Und jetzt die guten Neuigkeiten: Die Interessen von Brass International werden jetzt mit denjenigen von BRASS BULLETIN (der einzigen anderen Vierteljahreszeitschrift für Blechbläser) fusioniert; sie wird in der Schweiz in drei Sprachen veröffentlicht. Bei Brass International bereits bezahlte, aber noch nicht gelieferte Exemplare werden von BRASS BULLETIN zugestellt werden. Der Herausgeber dieser erstklassigen Zeitschrift ist in erster Linie daran interessiert, das Angebot für Blechbläser in den Englisch sprechenden Teilen der Welt und im besonderen in Grossbritannien zu vergrössern, und wir zählen darauf, dass unsere Leser von Sounding Brass/Brass International ihn auf dem Laufenden halten werden. Alle Fragen sind zu richten an den Herausgeber Jean-Pierre Mathez, BRASS BULLETIN, Rue du Moléson 14, CH-1630 Bulle, Schweiz.
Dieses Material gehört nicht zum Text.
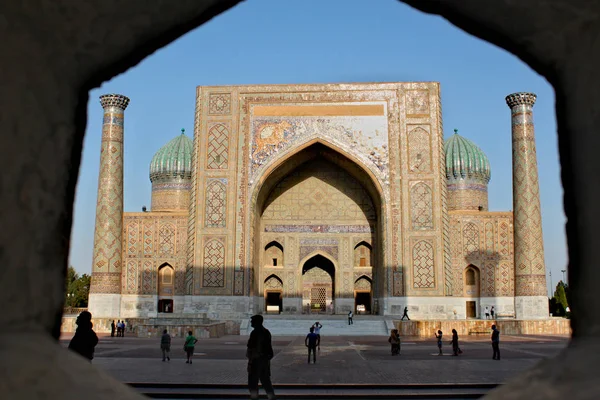 1636, bitmiş Sher Dor (aslan) Medressa kaplanlar gibi ancak aslanlar olması amacıyla kedigil kükreyen ile dekore edilmiştir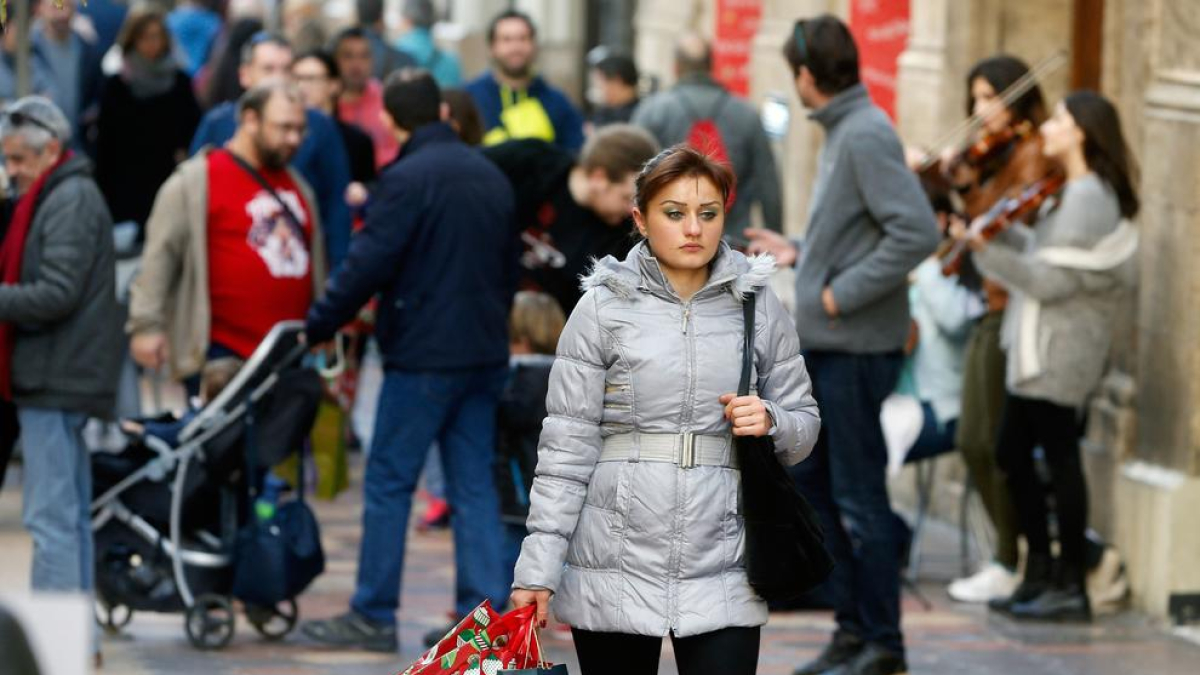 Las compras navideñas darán paso a la cuesta de enero.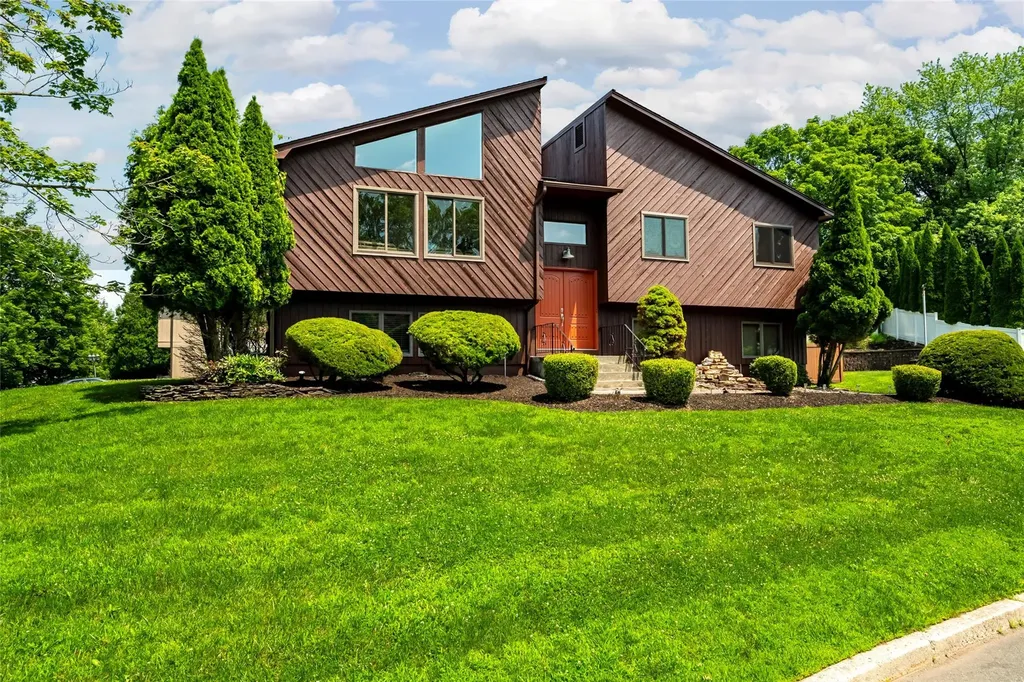 42 Walter Drive Stony Point NY 10980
Wir danken unserer treuen Leserschaft und den Directors of Rosehill Instruments für ihre beträchtlichen Spenden, die es uns ermöglicht haben, Sounding Brass und Brass International bis jetzt am Leben zu erhalten.

Trevor Austin

Tom Aitken

Tom Aitken ist Neuseeländer, lebt aber seit 1967 in England. In seiner Familie spielten alle in einer Brass Band. Als Student spielte er selbst in Kapellen der Heilsarmee, in der Wellington Citadel Band und in der Auckland Congress Hall Band. Während der letzten sechs Jahre war er Mitglied des London Collegiate Brass.

Vor zwei Jahren gab er das Unterrichten auf, um freier Schriftsteller zu werden. Seither gab er Brass International heraus, er schrieb über Blechblasmusik für The Guardian, drei Zeitschriften und The British Bandsman, und über Theaterstücke schrieb er für The Times. Für The New Zealand Woman's Weekly steuert er eine Reihe von Charakterbildern von ausgewanderten Neuseeländern bei. Er schreibt auch Romane.